Third, reduce the next rate from 40% to 38%, again, with a commitment to reduce this by 2% per year for the next 5 years.  That might help the squeezed middle class that politicians bleat about so often but rarely actually do anything about!

Fourth, eliminate the 'green taxes' that are currently imposed, with immediate effect.  These economically insane charges merely transfer money from masses of people to an ever-richer few.  The taxes can never work in reducing so called greenhouse emissions, the science on so-called global warming is being daily discredited (and exposed for its untruths) and the UK acting unilaterally is plainly madness.  Sorry Britannia but you no longer rules the waves and while you saddle your people and companies with ever higher energy prices, the rest of the world is getting on with making a living!

Fifth,  and this is where the equation starts to balance out and where we address government debt.  Commence a programme of real cuts in government expenditure.  In all departments, take the 2010/11 out-turn as the basis and cut all expenditure by 10% in the coming year and enshrine 2% cuts in expenditure for the next five years.  Again, challenge the tax and spend socialists to decide on whose side they are on - the tax payers or the public service unions?

Sixth, abolish the Department for the Environment and Climate Change - completely.  Oh and this is over and above the savings from the preceding paragraph!
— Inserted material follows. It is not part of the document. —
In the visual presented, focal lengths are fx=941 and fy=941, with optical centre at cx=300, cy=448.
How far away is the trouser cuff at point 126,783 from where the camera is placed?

Please stay with me, not far to go now.

Seventh, Include a measure that with effect from after the 2015 election, MPs expenses will be subject to the same tax rules as those of the rest of the population.  That is, the benefits in kind that they receive (free or subsidized transport, meals and housing support) are taxed just as they would be if these privileged few were treated the same as the general population.  Some may say this is unfair but since those standing for election know the terms and conditions under which they will be employed, I suggest we ignore their complaints.  Remember their basic salary is more than two and a half times the national average wage.
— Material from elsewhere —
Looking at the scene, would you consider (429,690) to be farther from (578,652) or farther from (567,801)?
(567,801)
Eigth, Local Government - commencing with this fiscal year, set a limit of minus 5% on council taxes - so they must cut council taxes by at least 5%.  Those that don't will see the central government grant being reduced by the amount that they would have had to reduce expenditure  to afford this cut.  Again, enshrine this in the budget and see the socialists and their fellow tax and spend travelers squirm.

We must get to a stage where tax increases - income, NIC and council taxes - are not considered natural, quite the reverse.  We have come to a stage where a council pats itself on the back if it keeps a council tax increase down to inflation levels.  That is plain wrong - what we need is cuts and continuously so - councils, like government, need to get out of the way and only do the things that the individual can't do.
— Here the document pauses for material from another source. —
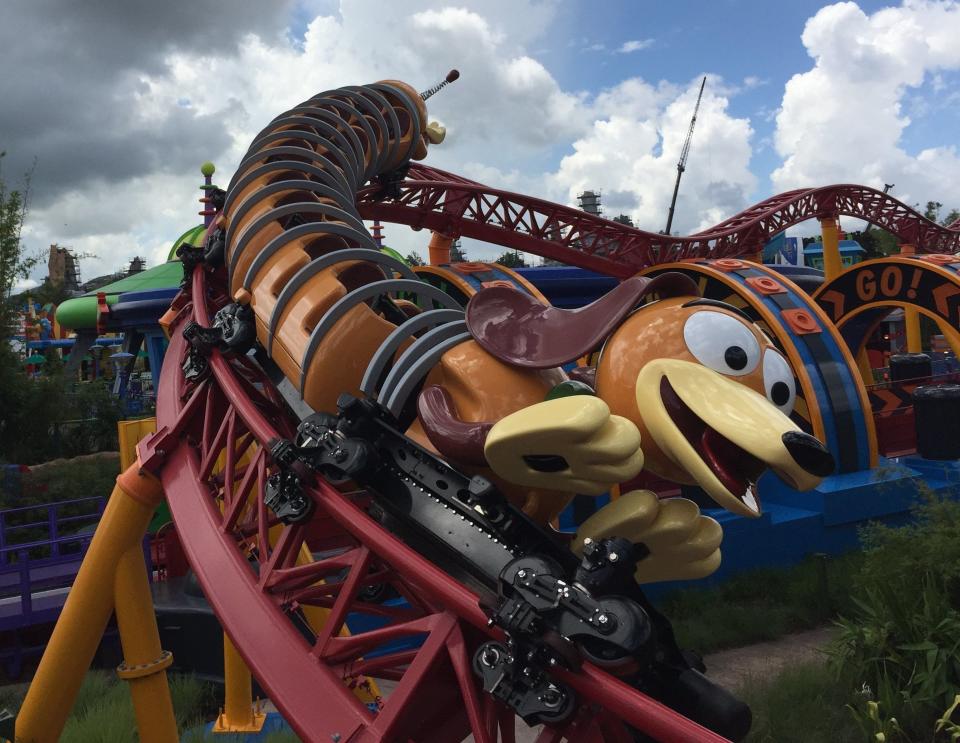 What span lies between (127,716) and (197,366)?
126 inches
Ninth, tell all government departments to re-negotiate all of their PFI deals, with a minimum target reduction of 20% in PFI fees required.  If these can't be achieved because the financiers won't play ball, then cancel the contracts.  Walk away and give them back their schools, hospitals and government office blocks and make a court date!  

Tenth, ensure that the budget includes a measure that states that if the recently 'won' EU budget cuts are not approved by the European Parliament, then the UK will immediately cease all payments to the EU - all payments.   Please don't even bother to talk about democracy and such, in the same breath as the  EU, EU Commission or EU parliament and that such an act would be undemocratic.  These people need to understand that we, the people, have had enough.  There is no more money, as Liam Byrne said.  There is no more gravy train.  No more is going into the trough!

OK, so maybe this, when run through the various Treasury models, won't be cost neutral but since we are increasing the deficit anyway, isn't it better to do so, in order to put money into tax-payers pocket's?  That is my kind of Quantitative Easing!